I'm studying the following proposition:
An integral operator $Tf(y):= \int_Ak(x,y)f(x)dx$ is linear, and is continuous on the the following spaces:
$$ \sup_{x \in A, \>y\in B} |k(x,y)| < \infty \implies T:L^1(A) \rightarrow L^{\infty}(B) \tag1$$
$$ \int_B \sup_{x \in A} |k(x,y)|dy \lt \infty \implies T:L^1(A) \rightarrow L^1(B) \tag2 $$
Q1) In the proposition above when it says that: an integral operator $T$ is linear and, is continuous on the following spaces - what space is it referring to? normed space $L^\infty (B)$ in statement (1) ? normed space $L^1 (B)$ in statement (2)?
Q2) The implication arrows in statement (1) and (2) confuse me.
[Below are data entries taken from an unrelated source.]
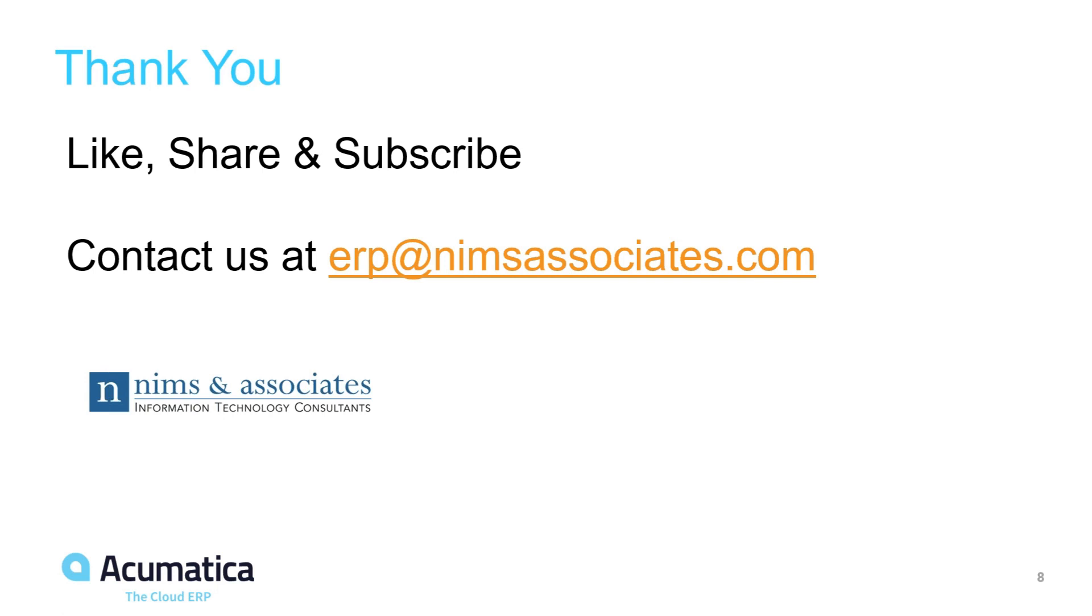Thank you for watching our Snapshot. If you like the Snapshot, like, share and subscribe. Contact us at ERP at nimsassociates.com for further information.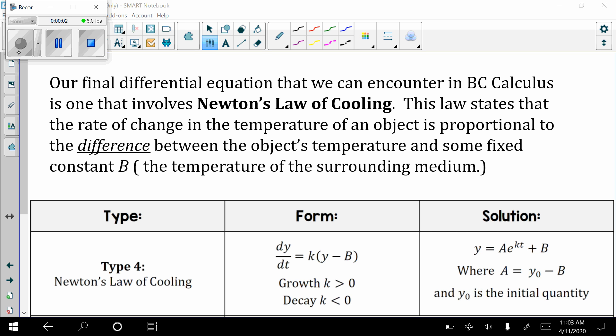Hey, everybody. What we're going to be looking at in this video is the fourth type of differential equation that is typically covered in BC Calculus, and that is Newton's Law of Heating or Cooling.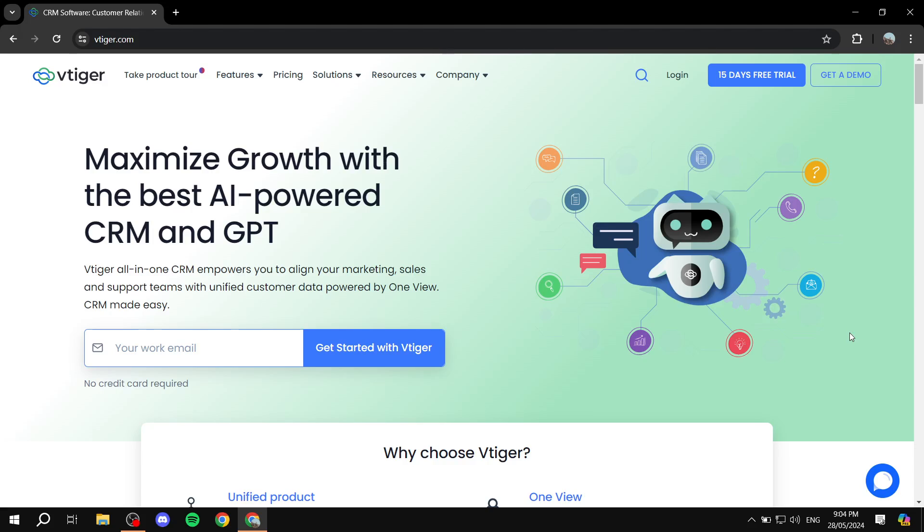How to use vTiger for CRM. Hey everyone, welcome. I hope you're all doing great. In this video, I'll be covering the platform vTiger, which is basically a huge customer relationship management platform. It is full of tools that will help you with many different things when it comes to customer relationship management, and there's a lot to cover.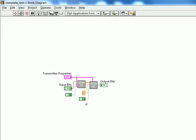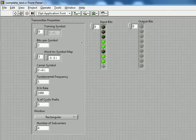So I've just set up a small example here and we're going to go ahead and check out on the front panel. I've basically done the same thing I've always done, the RQAM word to symbol map, two bits per symbol.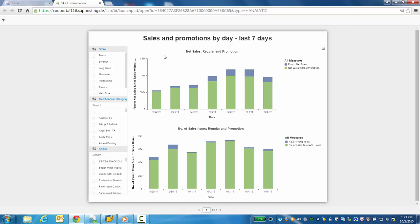Here we can see two bar charts. The one on top demonstrating net sales regular versus promotion and on the bottom number of sale items regular versus promotion.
What role does the left side of the implication arrow plays in the proposition? Would the proposition still be the same if the left side of the implication arrow is removed:
$$ T:L^1(A) \rightarrow L^{\infty}(B) \tag1$$
$$ T:L^1(A) \rightarrow L^1(B) \tag2 $$
After the proposition, the book that I used give an example: that Fourier Transform is an operator $F: L^1(\mathbb{R}) \rightarrow L^\infty (\mathbb{R})$
Given the above sentence, would it be correct to say that $Ff(y)$ is linear and continuous without given that e.g. (I guess:) $\sup_{x \in A, \>y\in B} |k(x,y)| < \infty$
Hope I'm being clear with my questions as I struggle to understand the proposition above. Thank you!
You have to show that if $\sup_{x \in A, y \in B}\vert k(x,y)< \infty$ the operator $T$ is a continous map from $L^1(A) \to L^\infty(B)$. More precisely you have to show the existence of a $C > 0$ such that for every $f \in L^1(A)$ the inequality $$ \sup_{y \in B} \vert Tf(y) \vert \leq C \Vert f \Vert_{L^1(A)}$$ holds. To find such a $C$ you need the left side of the implication arrow.